#### DATA RECORDS ####
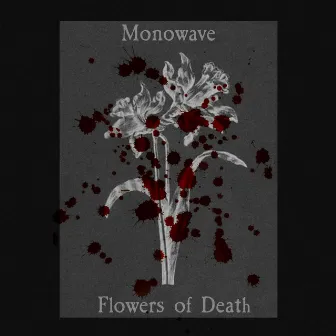 Flowers of Death by Monowave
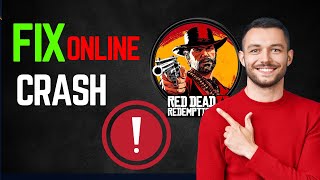 Why Do My RDR2 Online Keep Crashing Here’s How to Fix It [upl. by Sitto]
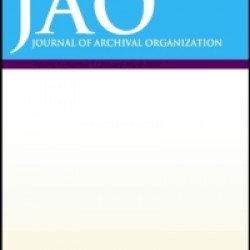 Journal Of Archival Organization Journal Of Archival Organization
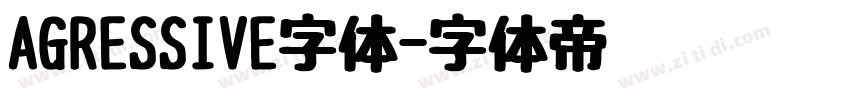 AGRESSIVE字体字体转换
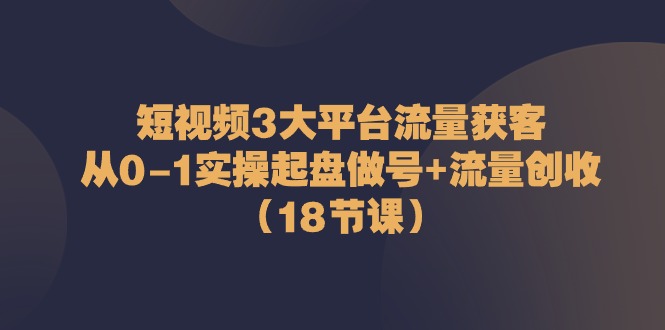 短视频3大平台流量获客：从0-1实操起盘做号+流量创收（18节课）-泡芙轻资产网创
####
◆ WORK TO BE COMPLETED
Copy every entry exactly, leaving out the pictures.

◆ FINISHED EXERCISE
 Flowers of Death by Monowave
 Why Do My RDR2 Online Keep Crashing Here’s How to Fix It [upl. by Sitto]
 Journal Of Archival Organization Journal Of Archival Organization
 AGRESSIVE字体字体转换
 短视频3大平台流量获客：从0-1实操起盘做号+流量创收（18节课）-泡芙轻资产网创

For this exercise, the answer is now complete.